Give back all of the data exactly, with every picture omitted.

## INFORMATION SUPPLIED
------------------------------------------------------------------------
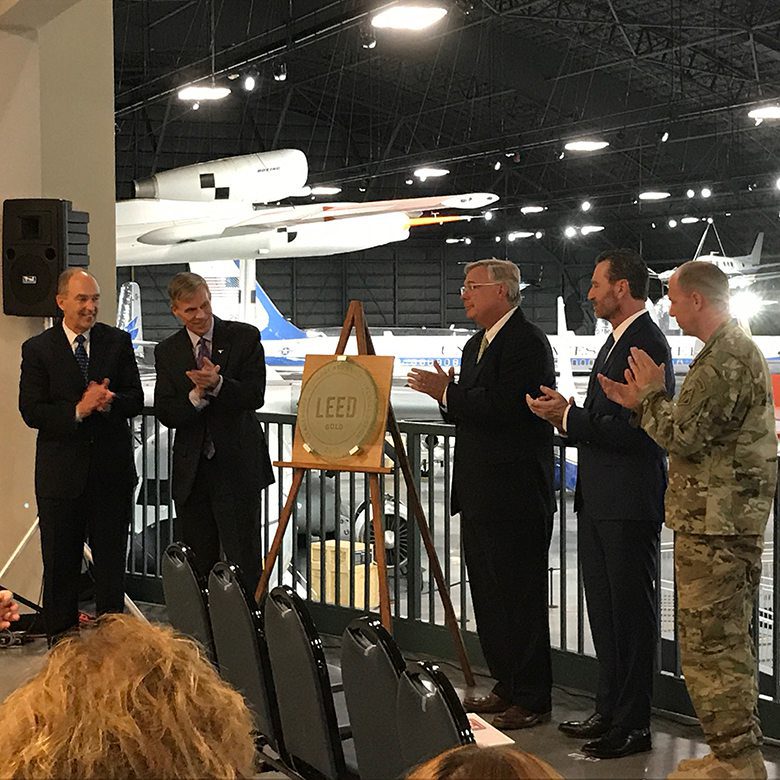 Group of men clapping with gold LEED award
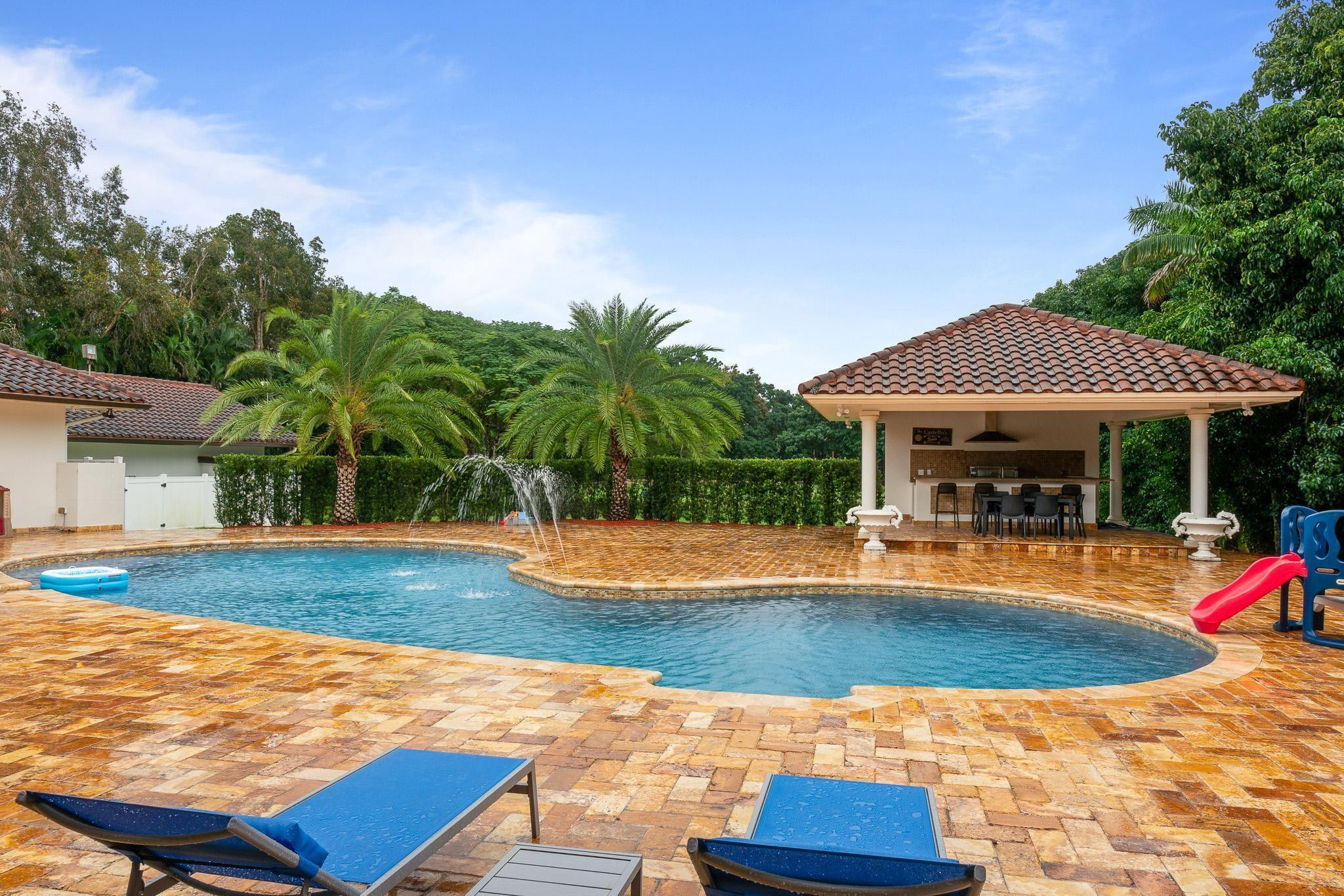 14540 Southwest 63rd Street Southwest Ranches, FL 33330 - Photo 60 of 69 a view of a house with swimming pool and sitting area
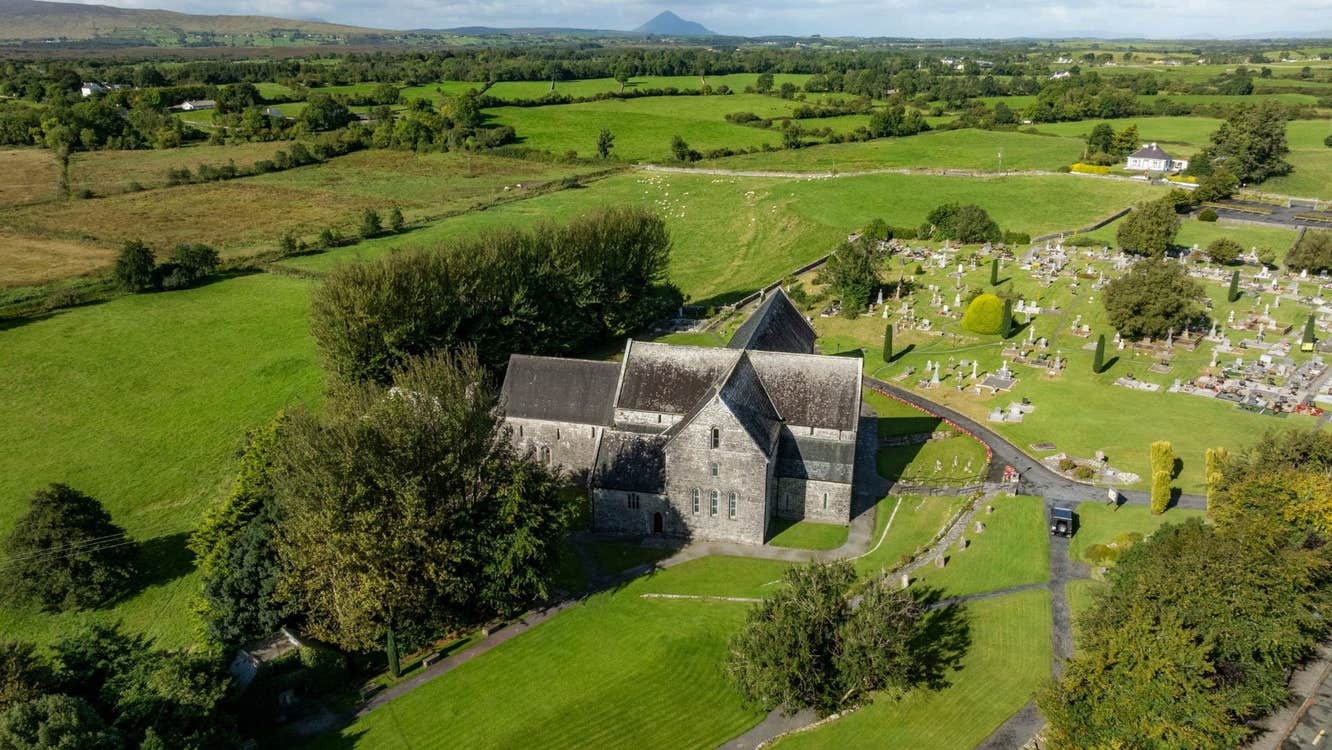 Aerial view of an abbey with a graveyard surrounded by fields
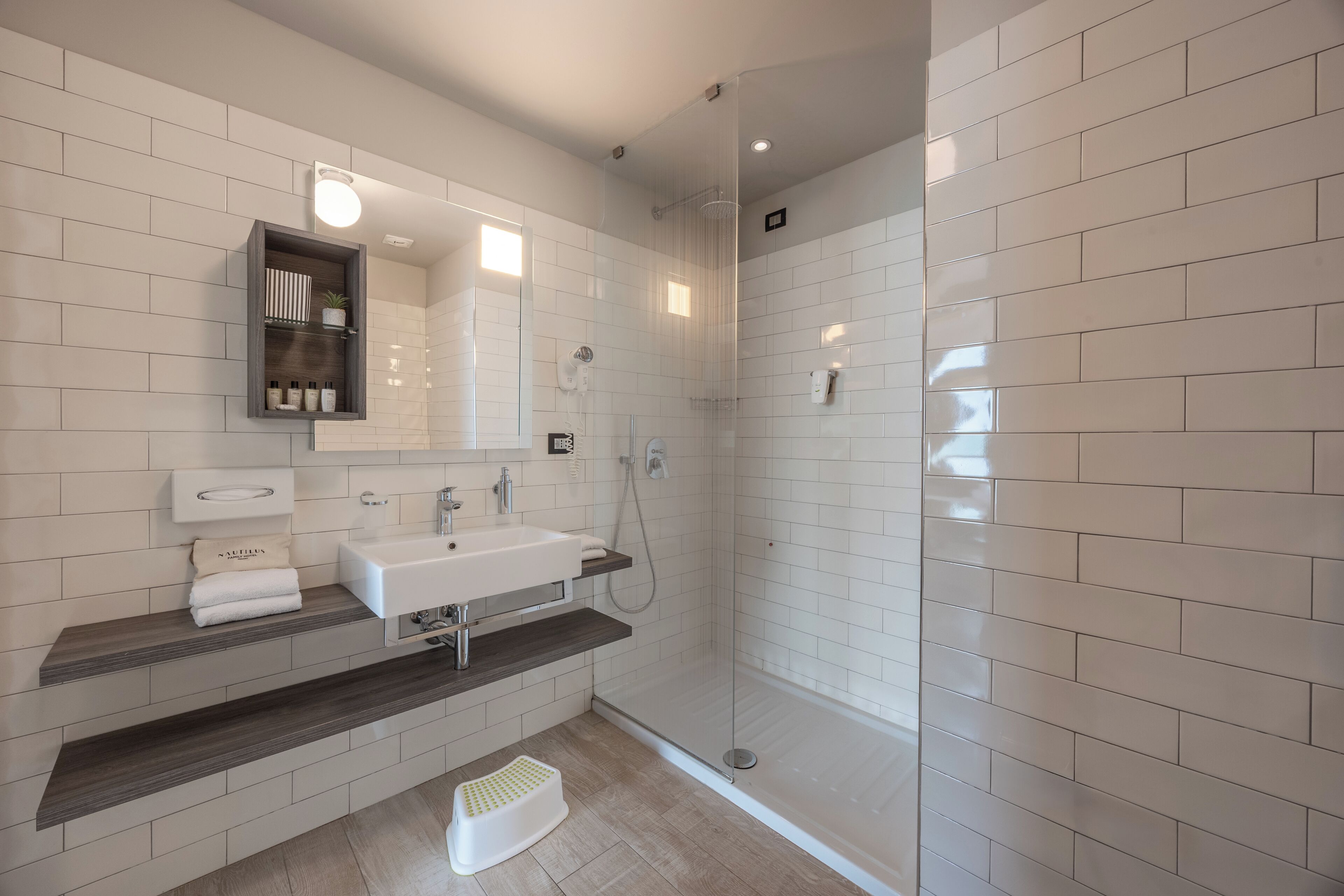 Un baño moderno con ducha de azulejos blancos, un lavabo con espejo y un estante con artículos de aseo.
------------------------------------------------------------------------
## RESULT
 Group of men clapping with gold LEED award
 14540 Southwest 63rd Street Southwest Ranches, FL 33330 - Photo 60 of 69 a view of a house with swimming pool and sitting area
 Aerial view of an abbey with a graveyard surrounded by fields
 Un baño moderno con ducha de azulejos blancos, un lavabo con espejo y un estante con artículos de aseo.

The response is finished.